Fluoroscopy: Don’t Miss the Show!
Fluoroscopy produces real-time images that appear as an “x-ray movie,” providing a helpful view for dynamic processes.
Fluoroscopy is an advanced diagnostic tool that helps the veterinary team refine a diagnosis by compiling a series of radiographic images into a movie. The result is similar to a child’s cartoon flipbook in which multiple single images on separate pages, each with a tiny change, become a short animated clip when stapled together and flipped through quickly.
Fluoroscopy is used in research and primary care facilities to visualize dynamic processes, such as gastrointestinal motility, cardiovascular function, blood and urine flow, collapsing trachea, and swallowing, in real time. Fluoroscopic guidance is helpful in contrast procedures and in the placement of medical devices and surgical hardware. This article provides an overview of the history, technology, safety, and use of fluoroscopy in the veterinary hospital.
HISTORY OF FLUOROSCOPY
In 1896, one year after Wilhelm Conrad Roentgen discovered x-rays, Thomas Edison invented the fluoroscope.1 This first fluoroscope was handheld, could not record images for later viewing, and had to be used in the dark, making it impractical for medical use. Fluoroscopy was used for entertainment purposes for many years until the dangers of radiation were recognized.
In 1940, John Coltman’s invention of the electronic image-intensifying tube allowed doctors to use a completely hands-free fluoroscopy machine in regular room lighting, and in 1953, Westinghouse commercialized the image intensifier.1 These developments allowed for improved patient and personnel safety and improved diagnoses. The same basic design is still used in veterinary medicine today, with recording capabilities and digital advancements.
A fluoroscopic unit uses a standard x-ray tube head. In the tube head, excited electrons, emitted by a cathode, strike a tungsten target on an anode, releasing x-ray photons. The angle of the anode directs the x-rays downward, forming the primary beam. The beam exits the tube head through a beryllium window. The primary beam then passes through a collimator made of lead shutters, which helps limit it to just the area of interest.2
In fluoroscopic units, after the x-ray beam passes through the area of interest, it is intercepted on the other side by an input phosphor made of cesium iodide and is converted to light photons by the image intensifier. These photons are converted to photoelectrons that are then seen on a monitor.2 Fluoroscopy units are usually equipped with multiple intensifier sizes, which allow the imager to vary the field of view on the screen, similar to magnifying an image.

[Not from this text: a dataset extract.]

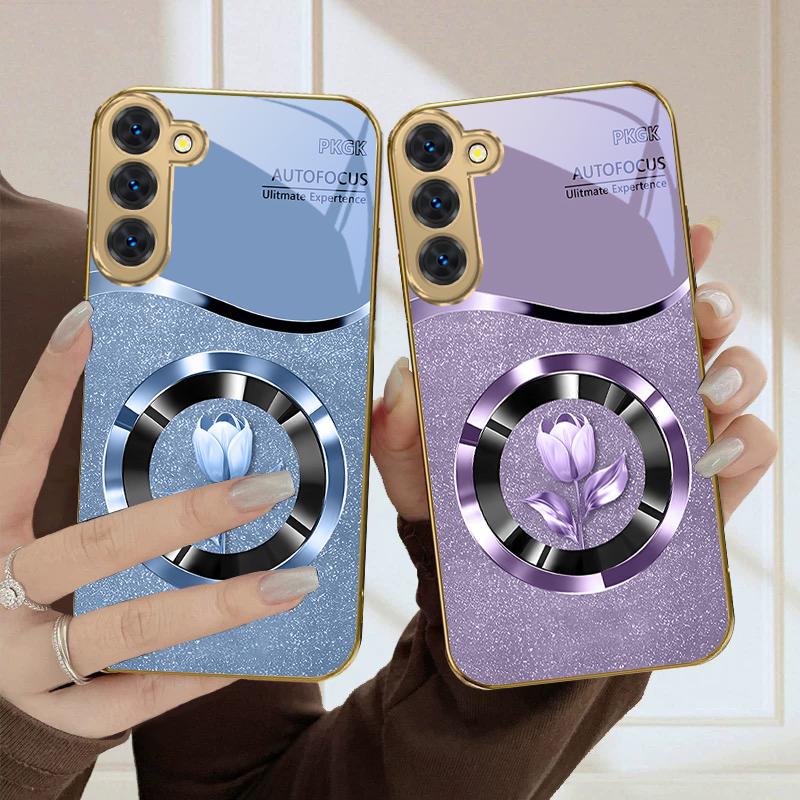 Exquisite flowers For Samsung Galaxy S20 FE S21 S22 Ultra S23 Plus S24 Ultra 25Ultra S21+ S9+ 22Plus Golden glass phone case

The real-time image produced appears to be an “x-ray movie,” displayed on a video monitor. This image appears as an inverted radiograph, flipping the bright (radiopaque) areas with the dark (radiolucent) areas. This inversion is helpful to improve the viewer’s visualization of structures. Some units allow recordings of the study, known as a cine loop. Permanent or still images can also be acquired during fluoroscopy; these are typically referred to as spot films.
There are 2 types of full-sized fluoroscopy units used in veterinary facilities: mobile C-arm units and R&F (radiography and fluoroscopy) rooms. Small handheld units, often used in large animal hospitals to image equine distal extremities, also exist. These units do not produce high-quality images and often overheat with prolonged use; therefore, they are not commonly used today in small animal practice.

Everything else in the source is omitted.